*BRIEF*
Print all of the records. Exclude the images.

Records from a dataset
┌────────

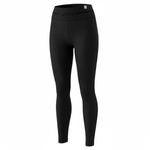 Calza Asics Running Seamless Morley Logo Mujer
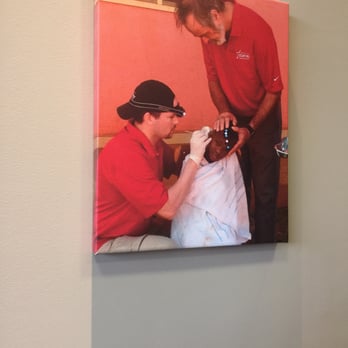 Ascent Hearing Center - This audiologist is so kind, professional, honest and patient. Also, it looks like he keeps up with new technology. Highly recommended. - Hearing Aid Providers Near Me - Simi Valley, California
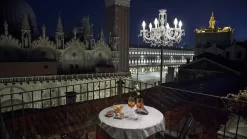 Drylight Outdoor Floor Lamp 13 Drylight Outdoor Floor Lamp -Fashion Lighting masiero drylight ext install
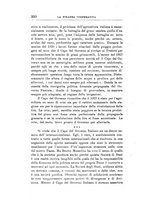 giornale/RML0023155/1928/unico/00000396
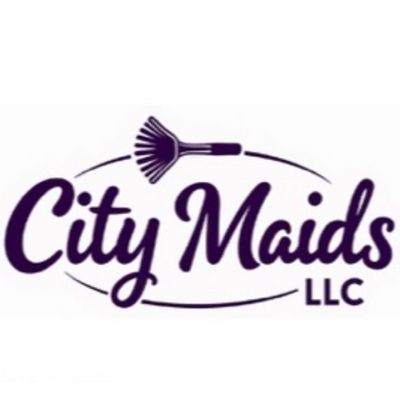 Avatar for CITY MAIDS LLC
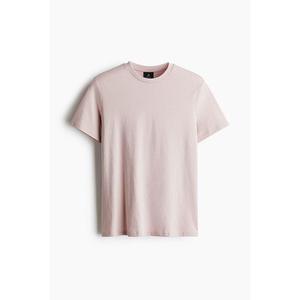 T-shirt Designer en Polyester/Coton Nouvelle Collection Été Décontracté Respirant Écologique Séchage Rapide Logo Avant Homme Femme Coupe Classique - Product Image 1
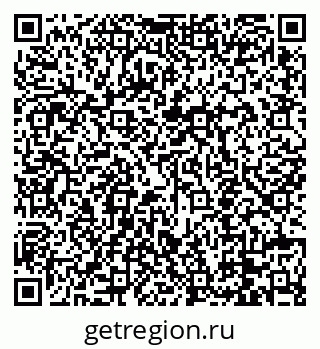 79088652223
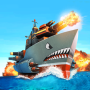 icon Sea Game: Mega Carrier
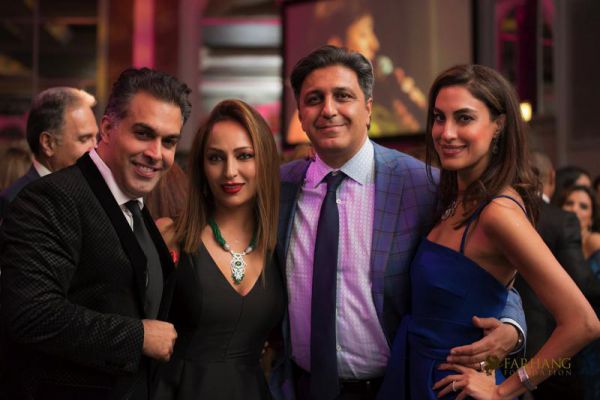 farhangs 8th annual fundraising gala 2018 199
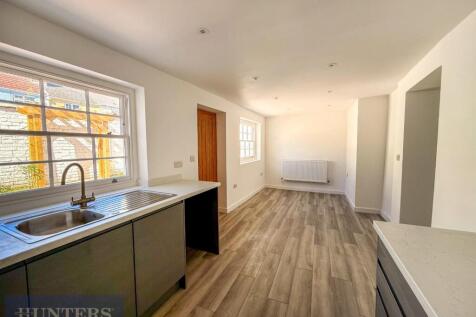 tlc_efaf591b-e0f0-4870-8150-eef80f09ffec_30b05f7.j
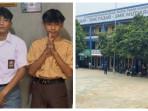 KAKAK-ADIK-GANTIAN-SEPATU.jpg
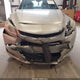 1G11C5SL8FF227614 2015 Chevrolet Malibu 1Lt auction photo thumbnail 6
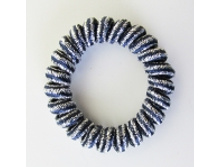 �������-�������� ��� ����� ����������� �����-�����/��������/���������/����������� №64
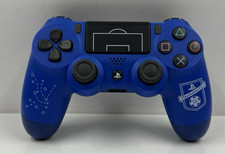 Sony playstation controller for sale  GLOUCESTER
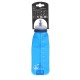 Gourde Souple Multisport 500 ml - Diam. 4,6cm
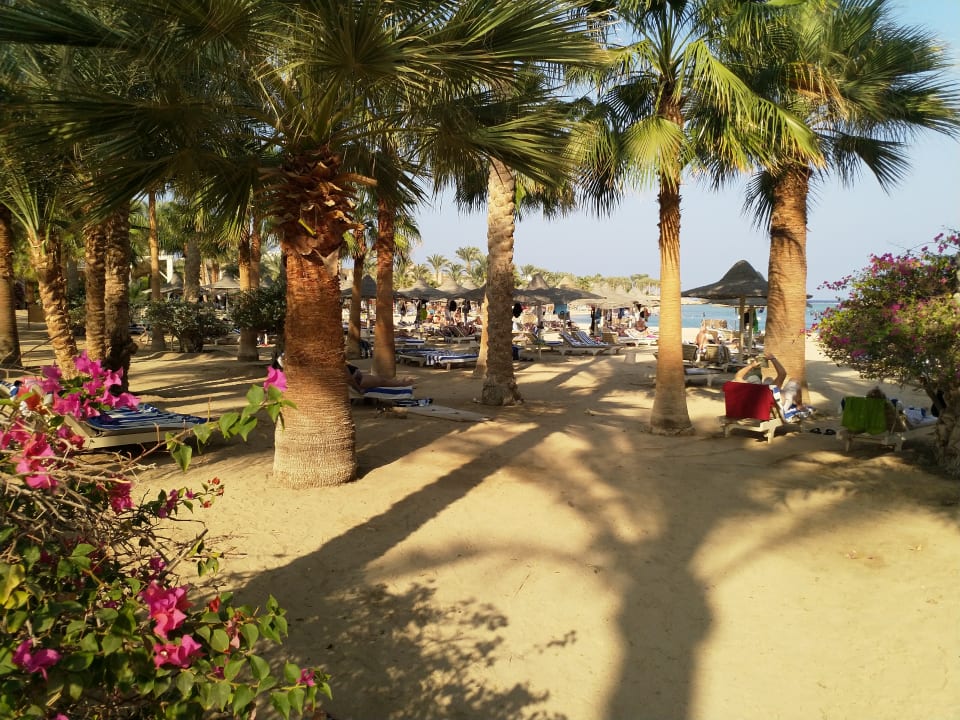 Garten Brayka Bay Resort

└────────

*RESPONSE TO THIS TASK*
 Calza Asics Running Seamless Morley Logo Mujer
 Ascent Hearing Center - This audiologist is so kind, professional, honest and patient. Also, it looks like he keeps up with new technology. Highly recommended. - Hearing Aid Providers Near Me - Simi Valley, California
 Drylight Outdoor Floor Lamp 13 Drylight Outdoor Floor Lamp -Fashion Lighting masiero drylight ext install
 giornale/RML0023155/1928/unico/00000396
 Avatar for CITY MAIDS LLC
 T-shirt Designer en Polyester/Coton Nouvelle Collection Été Décontracté Respirant Écologique Séchage Rapide Logo Avant Homme Femme Coupe Classique - Product Image 1
 79088652223
 icon Sea Game: Mega Carrier
 farhangs 8th annual fundraising gala 2018 199
 tlc_efaf591b-e0f0-4870-8150-eef80f09ffec_30b05f7.j
 KAKAK-ADIK-GANTIAN-SEPATU.jpg
 1G11C5SL8FF227614 2015 Chevrolet Malibu 1Lt auction photo thumbnail 6
 �������-�������� ��� ����� ����������� �����-�����/��������/���������/����������� №64
 Sony playstation controller for sale  GLOUCESTER
 Gourde Souple Multisport 500 ml - Diam. 4,6cm
 Garten Brayka Bay Resort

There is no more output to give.